Per questo motivo è utilizzato insieme agli steroidi soprattutto da parte dei body builder per favorire la crescita muscolare ed anche per dare compattezza al muscolo. Ridurre la presenza di ormoni mineralcorticoidi ha effetti diuretici e favorisce la definizione muscolare, mentre ridurre l'attività dei glucocorticoidi riduce il catabolismo proteico e favorisce la crescita dei muscoli, infine ridurre la presenza di estrogeni riduce la ritenzione idrica, la ginecomastia e la soppressione dell'asse HPTA causati dalla conversione degli androgeni in estrogeni. Pertanto l'aminoglutetimide viene usato con gli steroidi per favorire lo sviluppo muscolare. Chiaramente l'uso non in associazione può determinare effetti avversi anche sul tessuto muscolare a causa della ridotta produzione di androgeni.

Bisogna inoltre aggiungere che l'uso continuativo di aminoglutetimide aumenta la produzione endogena di cortisolo in quanto il corpo privato dello stesso è portato a crearne di più, pertanto l'uso a lungo termine può portare anche ad ipercortisolemia.

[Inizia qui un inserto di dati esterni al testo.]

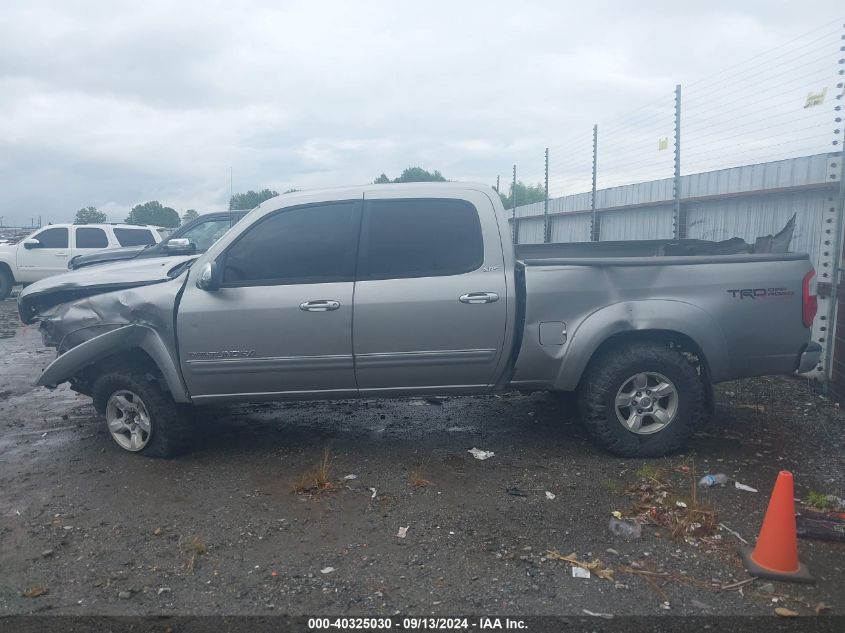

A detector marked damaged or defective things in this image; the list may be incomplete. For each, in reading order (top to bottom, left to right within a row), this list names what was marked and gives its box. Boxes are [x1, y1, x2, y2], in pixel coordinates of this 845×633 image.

Gli atleti che utilizzano questa sostanza la prendono a giorni alterni o due giorni sì e due no per limitare gli elevatissimi effetti collaterali, i dosaggi possono variare dai 250 ai 1000 mg. Anche l'aminoglutetimide è vietato dalle norme anti-doping a causa del possibile abuso come coadiuvante nei cicli con steroidi.

Fulvestrant

Il fulvestrant, commercializzato come Faslodex, è una sostanza con attività antagonista dei recettori degli estrogeni in grado di ridurre il numero dei recettori stessi. Questa sostanza viene utilizzata per il trattamento del carcinoma del seno. L'importante differenza rispetto alle altre sostanze utilizzate in questo tipo di terapia è che il fulvestrant non solo antagonizza l'azione degli ormoni, ma è in grado di legare i recettori ed eliminarli. In pratica esercita una d own regolation dei recettori stessi. Inoltre la sua azione non si limita a questo, infatti un effetto secondario di questo composto è quello di ridurre anche il numero di recettori del progesterone. Quindi questa sostanza riesce ad essere un antagonista sia degli estrogeni che del progesterone e da un punto di vista terapeutico è importante in quanto i tumori ormone correlati vengono attivati sia dagli estrogeni che dal progesterone, pertanto l'azione del fulvestrant è efficace nel ridurre l'azione di entrambi.

Per un atleta questa sostanza risulta efficace come antagonista degli estrogeni ed anche del progesterone, quindi assunta in un ciclo con steroidi anabolizzanti può ridurre gli effetti collaterali indotti dall'aromatizzazione degli androgeni ed anche gli effetti collaterali generati da quei composti con parziale azione progestinica come il nandrolone.

L'azione di questo farmaco può comportare effetti collaterali quali nausea, dolori articolari, indebolimento delle ossa e sbalzi d'umore.

Questo farmaco è disponibile tramite iniezioni ed ha una lunga durata d'azione pertanto in un ciclo con steroidi sembra efficace già con una iniezione al mese da 250 mg. Anche il fulvestrant è vietato dal regolamento anti-doping.